Что касается Мари, казалось легко примирившейся с бегством своего любовника, то она очень хотела бы знать, что с ним стало, и даже не возражала бы, чтобы какой-нибудь случай отомстил ему за нее; но, как ни старалась она узнать что-нибудь об Эдуаре, ей это не удавалось: его не видели нигде — ни на прогулке, ни в театре, и уже начали подумывать, не бросился ли он, точно Курций, в какую-нибудь пропасть. Тут-то он и появился на бульваре — месте ежедневных встреч его приятелей.
Одним из первых он увидел Эдмона, по-прежнему искавшего квартиру и любовницу и, разумеется, не находившего ни ту ни другую.
— Ах, мой дорогой! — говорил он Эдуару. — Мне нужна такая женщина, как Мари, и такая квартира, как твоя!
— Так Мари не согласна тебя любить?
— Увы!
— Как она тебя принимает?
— Иногда плохо, но чаще очень плохо.
— Найди к ней другой подход.
— Я не знаю другого подхода.
— Что мне в таком случае тебе посоветовать? Жди.
— Если б еще я мог перебраться на другую квартиру! Но найти ее невозможно. Тебе вот как-то быстро удается!
— Ищи.
— Я только этим и занят. Если надумаешь оставить свою, уступи ее мне.
— Не надумаю.
— Ну, так прощай.
— Прощай!
Той же ночью, в двенадцать часов, Эдуар вновь ступил на воздушную дорогу, по которой он шел накануне и по которой должен будет пройти завтра.

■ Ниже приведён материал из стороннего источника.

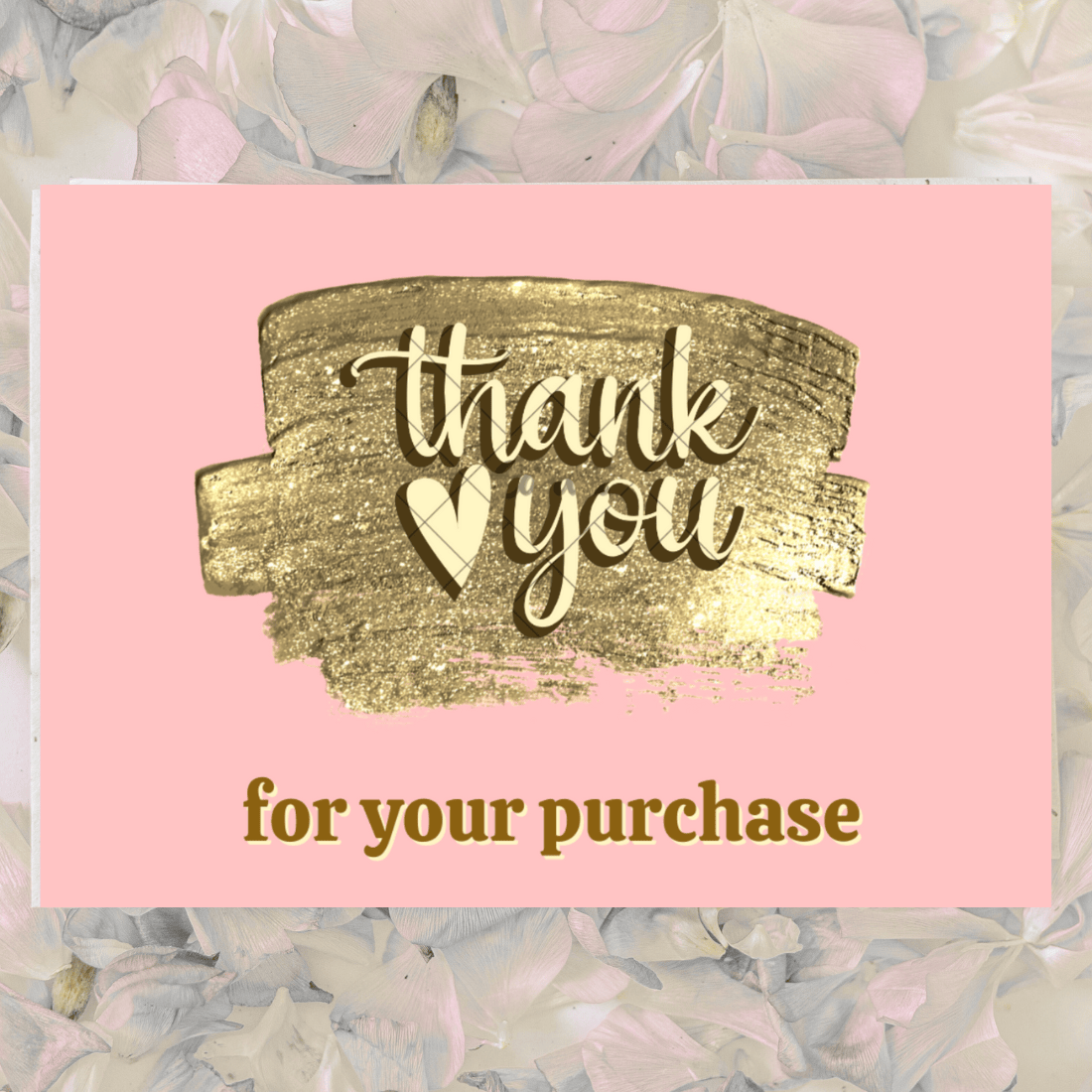 beautiful thankyou for your purchase card cover image.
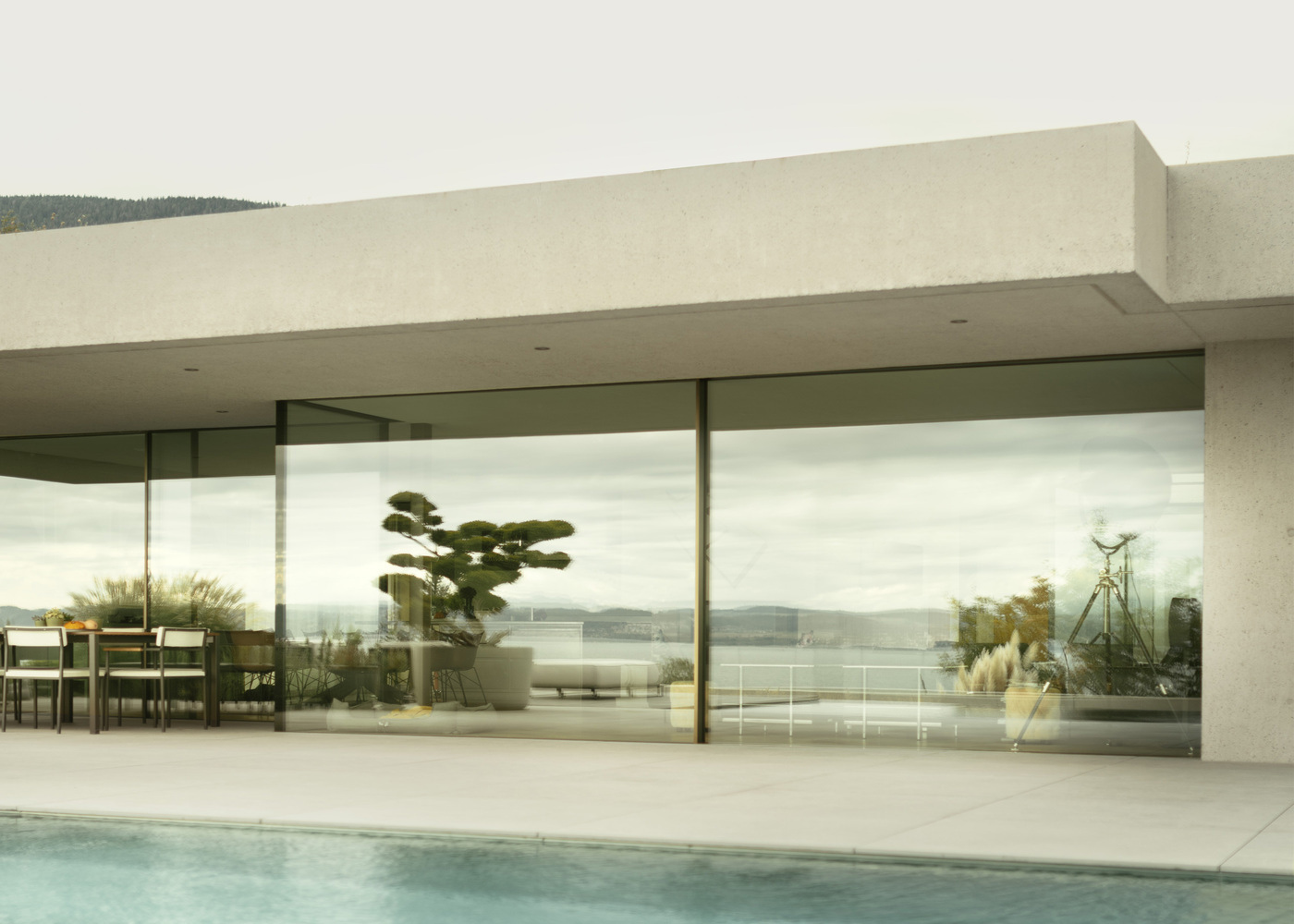 andrea pelati architecte,别墅设计案例,别墅设计方案,极简主义别墅,瑞士,极简风格别墅,湖景别墅,山景别墅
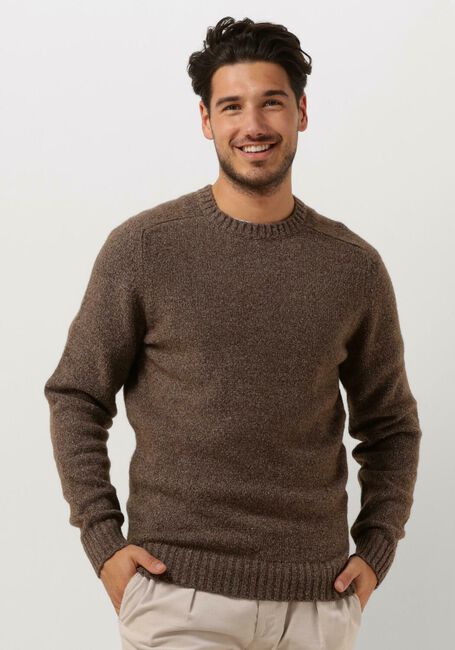 PROFUOMO Pull PULLOVER CREW NECK en marron - large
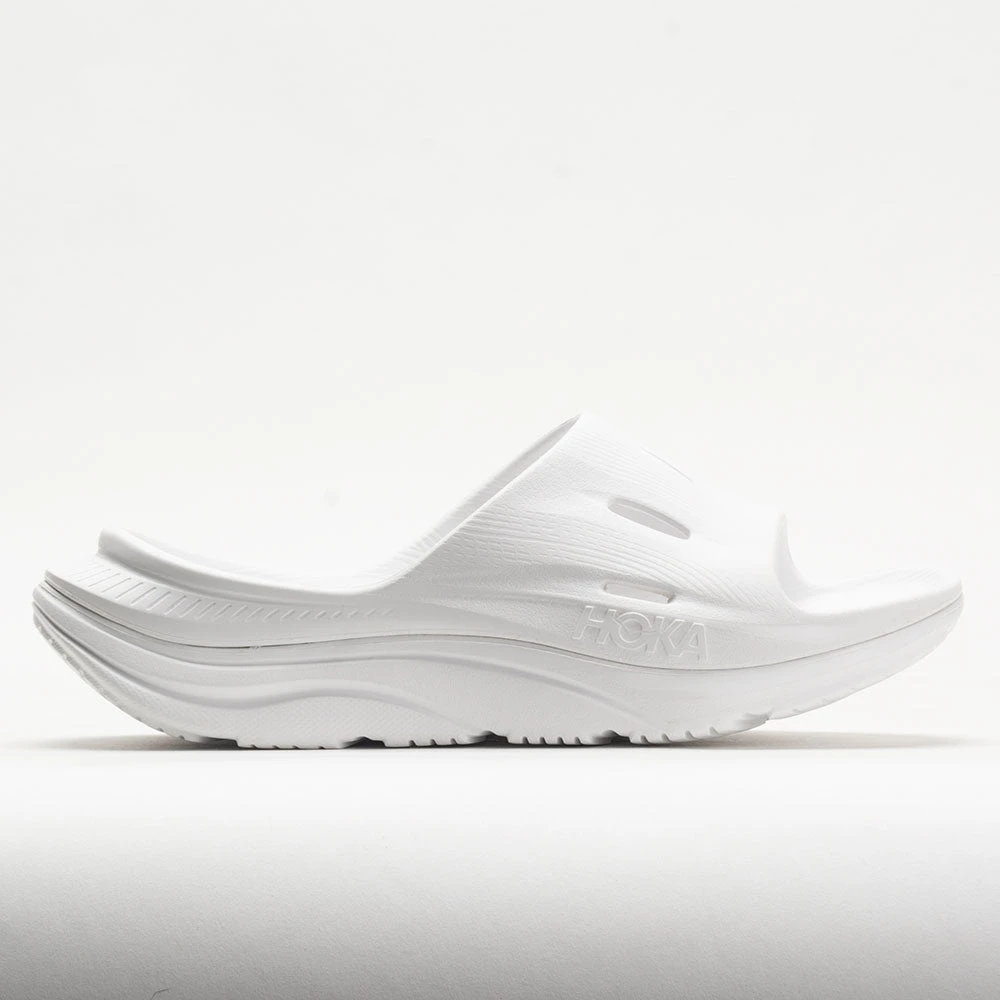 HOKA Ora Recovery Slide 3 Unisex White/White 3 HOKA Ora Recovery Slide 3 Unisex White/White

Однако жизнь его становилась несколько однообразной. Не один раз уже он отказывался от тех развлечений, на какие прежде, двумя неделями ранее, с охотой согласился бы и каких теперь был бы вовсе не чужд, несмотря на сложившиеся новые обстоятельства. Он видел, что все его приятели продолжают жить той же жизнью, какую некогда вел и он, и уже считал их счастливее себя. Первое упоение прошло, он стал раздумывать о нелепости своего положения, и прежние мысли о том, что с ним происходит, вернулись к нему, только более настоятельные и отчетливые, чем вначале. По временам у него выдавался свободный вечер: Эрминия отправлялась на бал и посвящала платьям, цветам и танцам то время, какое она ежедневно должна была отдавать ему. Как мы уже видели, Эдуар не был серьезно влюблен, однако рассуждал так, как если бы он был влюбленным, и сердился на Эрминию именно за то, что весьма часто доставляло немалую радость ему самому. Итак, хотя удовольствие было велико, оно весьма обременяло Эдуара, и, то ли оттого, что он не мог выносить ночных бодрствований, то ли из-за требовательного характера Эрминии, он стал заметно скучнеть.
Балы шли своим чередом. Эрминии очень хотелось бывать на них, и в то же время она не желала, чтобы свободные вечера ее любовник занимал чем-либо иным, нежели мечтаниями о ней, а поскольку в лице женщины, непременно сопровождавшей ее на балы в Оперу, она имела отличную полицию, в случае если бы до нее дошло, что Эдуар провел ночь вне дома, она на следующий же день устроила бы ему сцену упреков и ревности. И Эдуар чувствовал, что, чем дальше, тем менее сносным будет становиться его положение и малейшая случайность сделает его с этой доской постыдным посмешищем в глазах друзей.
Состояние грусти, и прежде временами посещавшее его, все чаще овладевало его душой; много раз он пробовал коротать с Эрминией эти часы уныния. Он устраивался у ее ног и в течение нескольких минут пытался увидеть в своей любовнице друга; но очень скоро он стал замечать, что задушевная беседа, которой предаются люди даже самые счастливые и которая, словно сон, дает отдохновение, совершенно неведома девушке. Ей несвойственно было даже то сочувствие, какое проявляла Мари: у той, какой бы сумасбродкой она ни была, исчезала улыбка с розовых губок, когда на Эдуара находила грусть. Раз двадцать уже он брал руки Эрминии в свои и с тем блаженством, что испытывает всякий мужчина, когда говорит о своей жизни, пусть безразличной для других и однообразной для него самого, рассказывал ей о своей ранней юности и, если можно так выразиться, искал в ее любви продолжение любви материнской; но никогда ни слова утешения не слетало с уст этой девушки: ее сердце, пылкое и открытое страстям, казалось наглухо закрытым для простых чувств.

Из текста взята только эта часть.